Q - What to do if your campaign is delivering and spending but your actual CAC is much higher than your target CAC?

As an example, let’s assume that we are getting a CAC of $90 against our target CAC of $55 that we’ve set in the campaign, which is also significantly higher than our max CAC limit of $65.

A: As I said earlier, Meta can spend your entire $1000 budget without getting a single conversion. 

Cost cap campaigns need to be managed like any other campaign. There is no guarantee that they’ll work, and you should not spend beyond what you are comfortable with. 

One quick thing to remember here is that after iOS14, it can take 5-7 days for these campaigns to optimize, after which there’s a possibility that your CAC lowers. 

So it’s important to build this into your budget considerations, and if possible, give your campaign a few days. In the meantime, here are a couple of levers you can pull:

i) If FB is spending your full amount, consider lowering the cap. You can lower the cap by 3-5% every 2-3 days, and see if that helps the campaign’s performance over the next 7-10 days.

ii) You can also lower the daily budget to reduce burn while your campaign is optimizing.

iii) Finally if your CAC remains higher than your upper limit, shut the campaign and retry it with either a different audience or a different creative.

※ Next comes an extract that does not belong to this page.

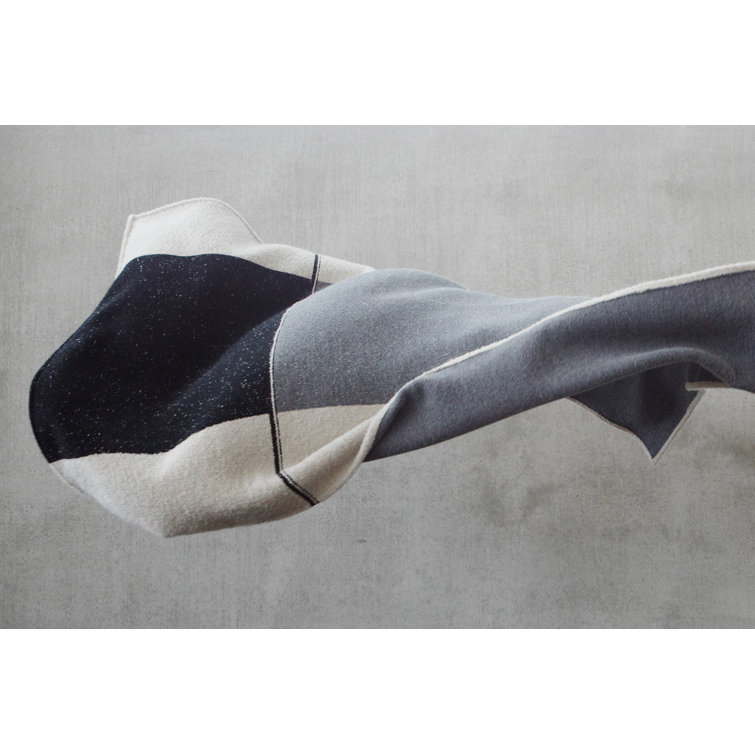 Contemporary Black and Beige Wool Reversible Throw Blanket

Q: How many audiences or ad sets should one set up and should they all have the same cap?

A: Our most common setup is a CBO campaign with multiple ad sets. You can set up as many ad sets as you like but my recommendation is to stick to proven audiences or proven interests. The creative should definitely be one in which you have a high level of confidence. 

Learn how to optimize your catalog creatives on Meta with examples from real brands.

And yes, you can definitely try different caps for different ad sets. I have seen some media buyers test the same ad sets with different caps in the same campaign. 

The bottom line is to use a great creative and then test it against a few audiences and/or different caps to find a combination where the CAC is acceptable.